Labeling is a form of representation. Just as we use spoken words to represent thoughts, we use labels to represent larger chunks of information in our web sites.

Chapter 5

Labeling Systems

 

Labeling is a form of representation. Just as we use spoken words to represent thoughts, we use labels to represent larger chunks of information in our web sites. For example, Contact Us is a label that represents a chunk of information, including a contact name, an address, telephone, fax, email information, and maybe more. You cannot present all this information quickly and effectively on an already crowded page without overwhelming impatient users. Instead, we rely upon a label like Contact Us to trigger the right association in the user's mind without presenting all that stuff prominently. The user can then decide whether to click through or read on and get more contact information. So the goal of a label is to communicate information efficiently; that is, without taking up too much of a page's vertical space or a user's cognitive space.

 

Unlike the weather, no one ever talks about labeling (aside from a few deranged librarians and linguists), but everyone can do something about it. Web site designers and managers create labels for the site without even realizing it. Why? Because labeling is a natural outgrowth of creating organization and navigation systems that sites can't function without, and because labeling things comes very naturally to humans. It's too easy not to think about labeling. The point of this chapter is to get you to think about labeling before you dive in.

 

Pre-recorded or canned communications, including print, the Web, scripted radio, and TV, are very different from interactive real-time communications. When we talk with another person, we rely on constant user feedback to help us hone the way we get our message across. We subconsciously notice our conversation partner zoning out, getting ready to make their own point, or beginning to clench their fingers into an angry fist, so we immediately shift our style of communication, perhaps by raising our speaking volume, increasing our use of body language, changing a rhetorical tack, fleeing, etc.

 

Unfortunately, the Web isn't sufficiently interactive for us to know how well we're getting our message across.

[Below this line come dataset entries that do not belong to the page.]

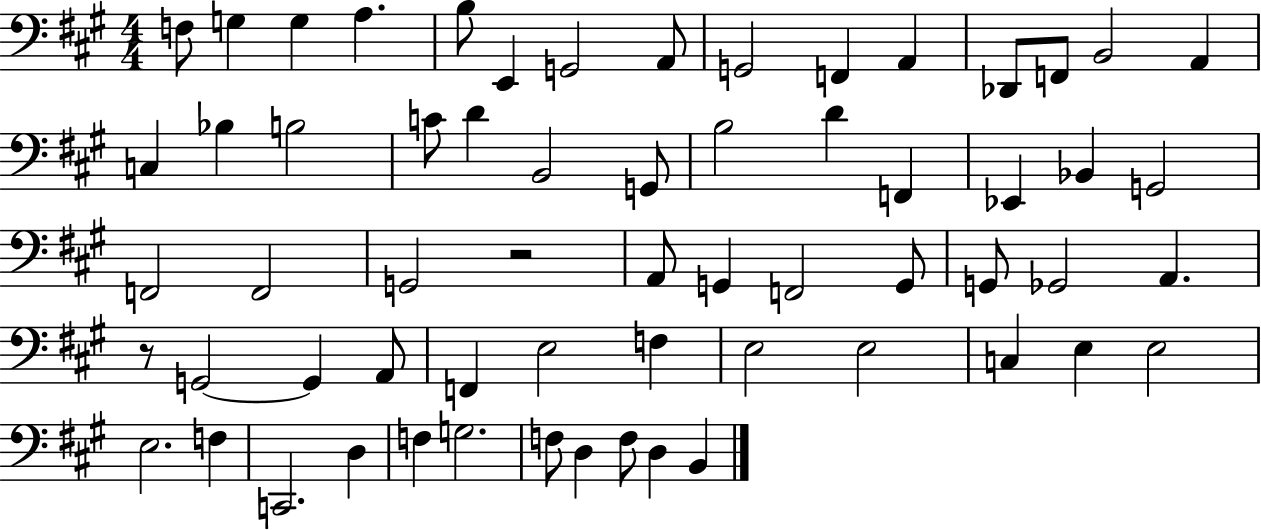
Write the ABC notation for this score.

X:1
T:Untitled
M:4/4
L:1/4
K:A
F,/2 G, G, A, B,/2 E,, G,,2 A,,/2 G,,2 F,, A,, _D,,/2 F,,/2 B,,2 A,, C, _B, B,2 C/2 D B,,2 G,,/2 B,2 D F,, _E,, _B,, G,,2 F,,2 F,,2 G,,2 z2 A,,/2 G,, F,,2 G,,/2 G,,/2 _G,,2 A,, z/2 G,,2 G,, A,,/2 F,, E,2 F, E,2 E,2 C, E, E,2 E,2 F, C,,2 D, F, G,2 F,/2 D, F,/2 D, B,,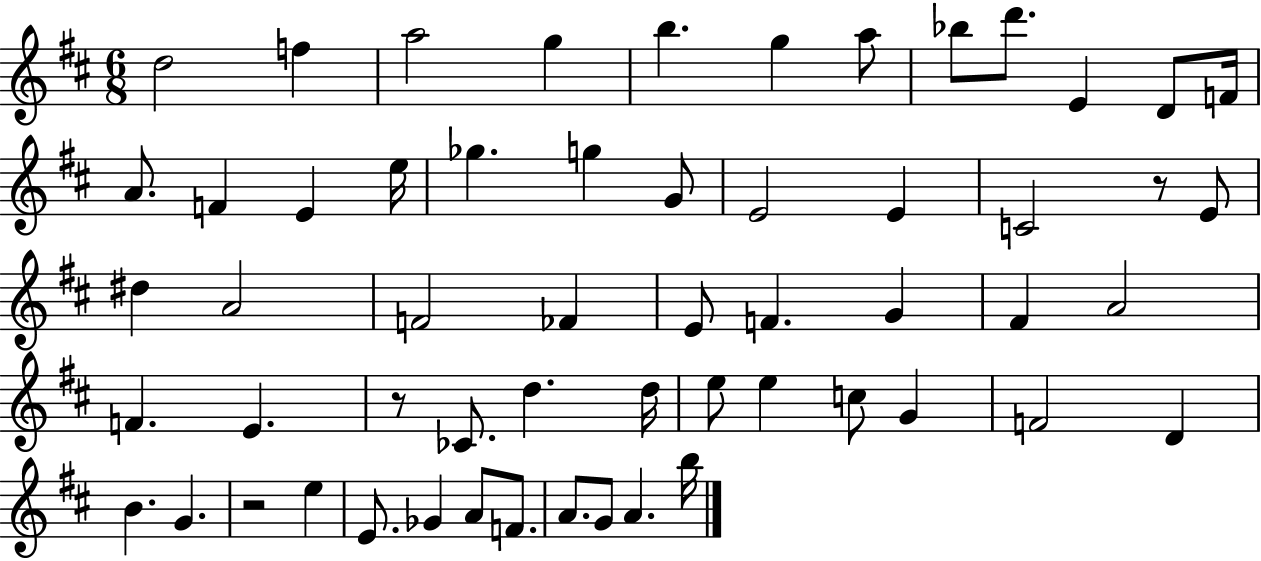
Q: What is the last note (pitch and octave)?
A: B5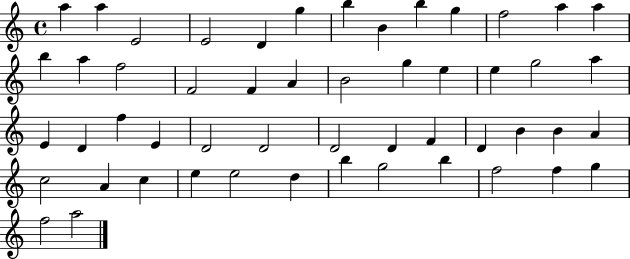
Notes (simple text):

A5/q A5/q E4/h E4/h D4/q G5/q B5/q B4/q B5/q G5/q F5/h A5/q A5/q B5/q A5/q F5/h F4/h F4/q A4/q B4/h G5/q E5/q E5/q G5/h A5/q E4/q D4/q F5/q E4/q D4/h D4/h D4/h D4/q F4/q D4/q B4/q B4/q A4/q C5/h A4/q C5/q E5/q E5/h D5/q B5/q G5/h B5/q F5/h F5/q G5/q F5/h A5/h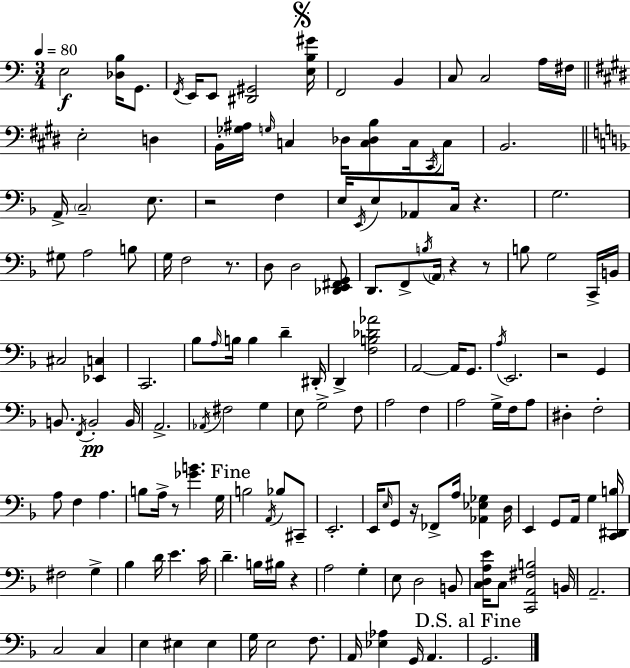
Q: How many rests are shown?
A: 9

So, assuming we don't have extensive user testing budgets for our sites, we need to guess how the average user might best respond to our message and write it that way. "Tell 'em what you're going to tell 'em, tell 'em, and then tell 'em what you told 'em." This canned approach is completely contrary to real-time conversation, which is the way we're used to communicating. Therefore, as a form of pre-recorded communications, labeling is a great challenge for web developers.

 

Where does labeling fit with the other systems we've discussed? Well, labels are often the most obvious ways of clearly showing the user your organization and navigation systems. For example, a single web page might contain different groups of labels, with each group representing a different organization or navigation system: an overall organization system that matches the site's hierarchy (e.g., Resources for Dog Owners, Resources for Dog Groomers, Resources for Dogcatchers), a site-wide navigation system (e.g., Main, Search, Feedback), and a sub-site navigation system (e.g., Submit a Resource, Annotate a Resource). So before you begin creating labeling systems, you need to have already determined the site's organization and navigation systems.